幸い、八千代たちの事は特に話題に上がらず、ホッと胸を撫で下ろしていた。
「それより、皆ごめんね? おばさん達、皆がカッコイイからって絡んじゃって」
「いーよ、あんくらい。俺いっぱいアメ貰ったし。····俺らの事聞かれねぇから、正直ちょっとホッとしてる」
啓吾が正直な気持ちを零してくれる。もらったアメを口に放り込み、ガリゴリと噛み潰すそれに、心情が現れているようだ。
「聞かれてもさ、この話するの今じゃない感凄いもんね」
「今日はおばあさんが主役だからな。その邪魔はしたくねぇ」
「それな。それがあるから、来んのマジで悩んだわ」
「けどなぁ、やっぱおばーちゃんに最後の挨拶してぇもんなぁ~」
「そ。俺らの我儘なんだから、ゆいぴは気にする事ないんだよ」
またこうやって優しくしてくれる。けれど、僕がおじさんたちにちやほやされているのを見て、流石に皆もモヤモヤし始めているのだろう。
これは、あの子に会ったらもっとびっくりするだろうな····。なんて思っていた矢先、騒がしいのがやってきた。
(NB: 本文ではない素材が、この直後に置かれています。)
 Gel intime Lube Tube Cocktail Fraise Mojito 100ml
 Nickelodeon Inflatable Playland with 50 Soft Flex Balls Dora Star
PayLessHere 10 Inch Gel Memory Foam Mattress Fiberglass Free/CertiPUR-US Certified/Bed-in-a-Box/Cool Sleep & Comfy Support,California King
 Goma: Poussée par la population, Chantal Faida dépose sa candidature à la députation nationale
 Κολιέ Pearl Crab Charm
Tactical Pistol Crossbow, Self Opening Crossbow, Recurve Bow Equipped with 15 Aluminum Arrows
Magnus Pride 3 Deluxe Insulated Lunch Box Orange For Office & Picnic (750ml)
「結にぃ····? ねぇ、誰その人達。友達? 今日は親族だけでって言ってなかった? つぅかさぁ、なんか近くない?」
僕たちの目の前に駆け寄ってきて、失礼にも皆を指さして言う。
「····ゆいぴ、誰?」
りっくんが耳打ちしてくるや否や、鮮烈な罵声を浴びせてきた。
「お前が誰だよ。ナヨナヨしてるくせに馴れ馴れしいな。友達だか何だか知らないけど、結にぃに触んなバーカ」
「もうっ、真尋! りっくんにそういう事言わないで」
「りっくん····? あぁっ!! 幼馴染の変態!?」
「「「ぶふっ····」」」
八千代と啓吾、それに朔が同時に吹き出した。
「ゆいぴ····これ誰?」
りっくんの眉がひくひくしている。僕の親戚なのは間違いないので、怒るのを必死に我慢しているのだろう。
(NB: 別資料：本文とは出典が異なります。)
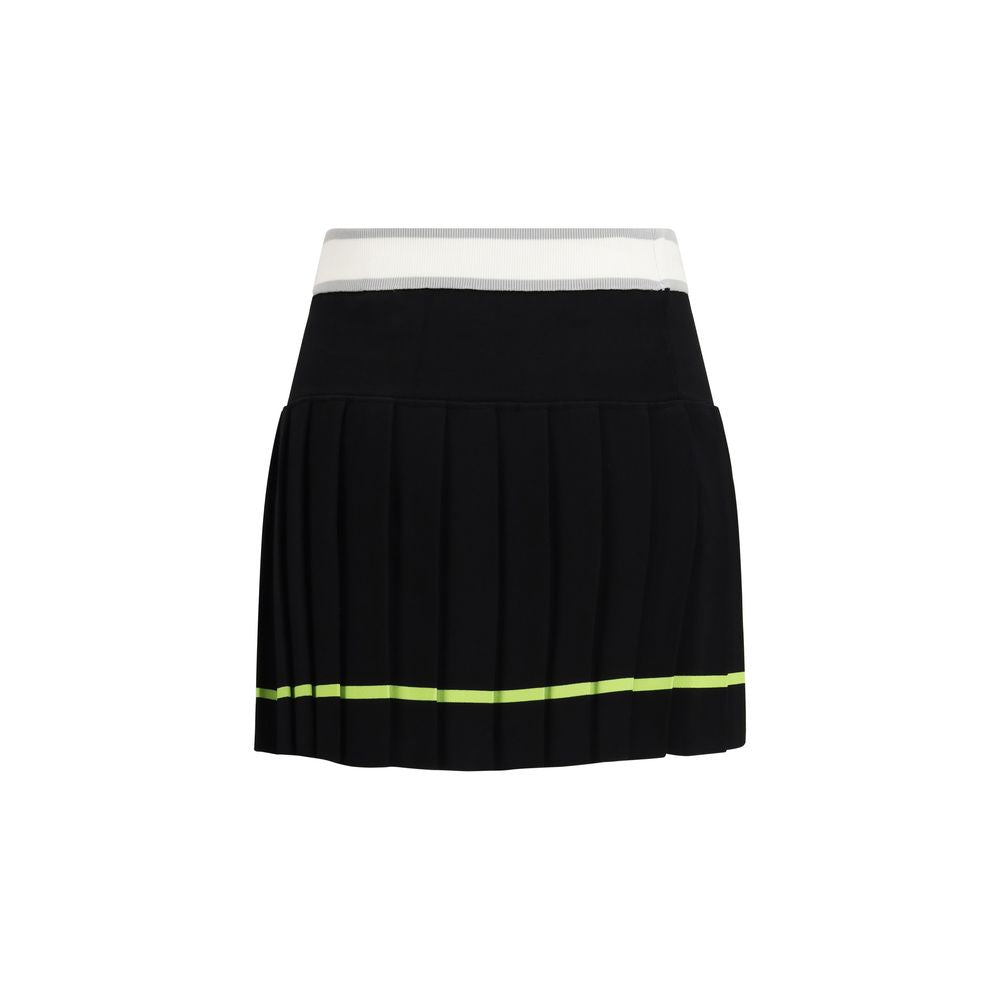 Casablanca 83% Viscose mini skirt in black — view 2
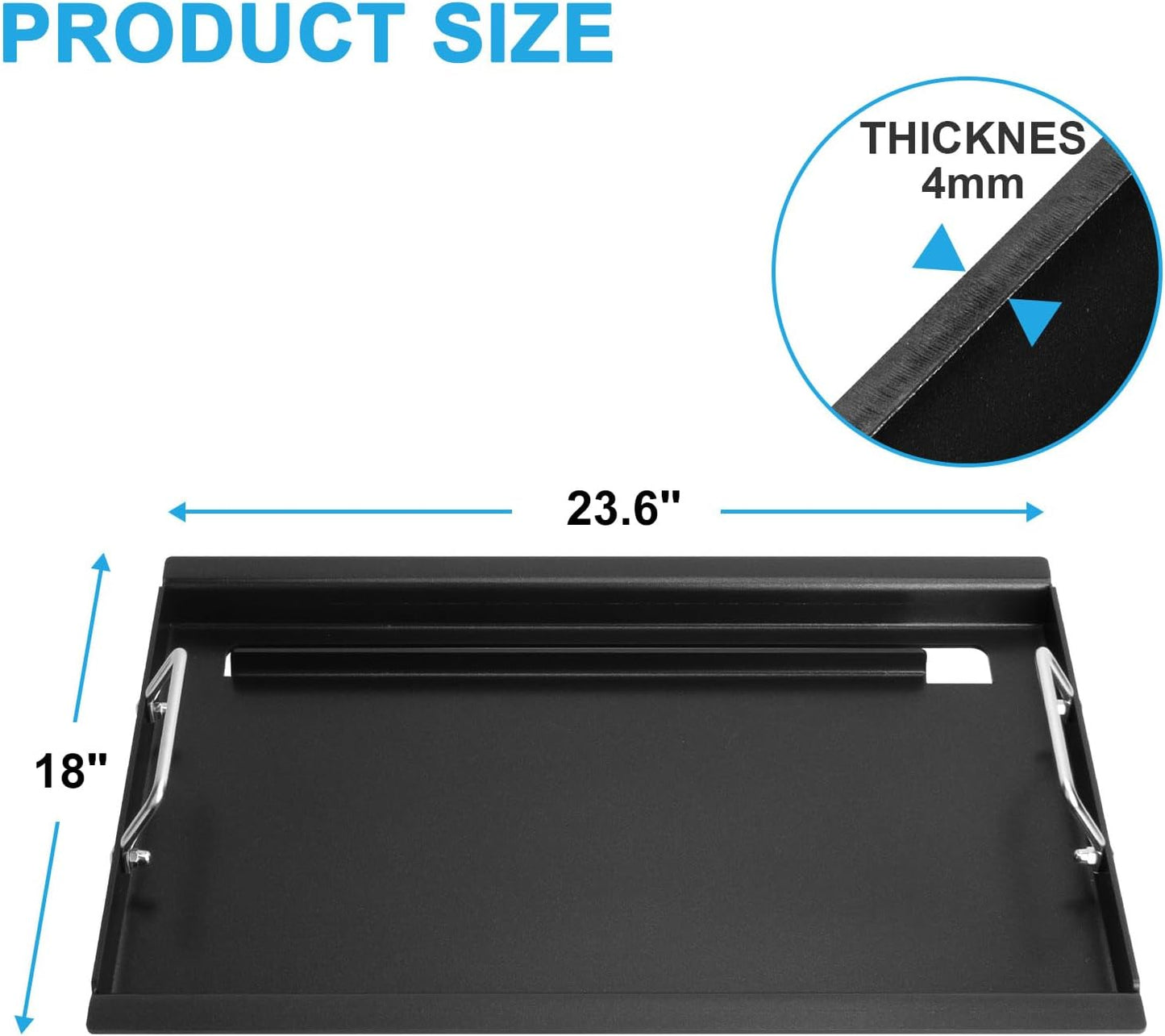 Full Size Griddle for Charbroil Performance 4 Burner, Flat Top Griddle for Charbroil Grill 463347017 463377017 463376018P2 463376117 463377117, Replacement Parts for G470-0002-W2 G470-0003-W1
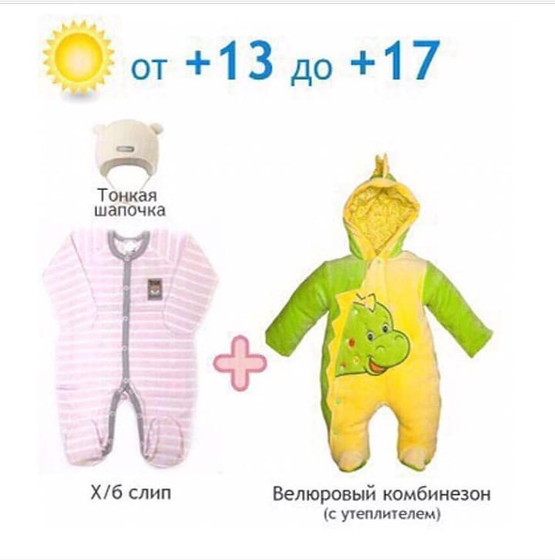Как одевать малышей на
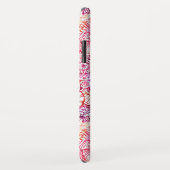 Abstracte bloemen, met een kleur, Case-Mate iPhone case (Achterkant/rechts)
「えっと、父方の従兄弟の武居真尋です。中学3年生で、絶賛反抗期なんだ」
「はぁぁ!!? 誰が反抗期だよ! 俺は結にぃに変な虫がつかないように守ってやってんだろ!?」
「また言ってる····。変な虫なんてつかないよ。虫除けスプレーとかちゃんとしてるよ?」
「「「「ブハッ····」」」」
皆が吹き出し、真尋は項垂れた。何か変な事を言ったのだろうか。
「あれ? ねぇ、匠真くんは?」
「あぁ、匠真なら····あれ? さっきまでここに····」
僕を見つけて駆けて来たものだから、匠真くんをどこかに置いてきたらしい。
「またなの!? ごめん、皆。4歳くらいの男の子探して──」
「真尋ぉ····」
僕だちが探し出そうとした瞬間、真尋の背後からドスの効いた声が聞こえた。
「お前、また匠真を置いてっただろ」
真尋の背後から、ガチムチで喪服がパツパツの男性が、幼児を抱えて足速に迫ってきた。
「お、親父····ごめーん」
恐る恐る振り返った真尋は、強烈な平手打ちをくらった。それを見て、匠真くんはキャッキャと笑っている。
そうだ、呆気にとられている皆に紹介しなければ。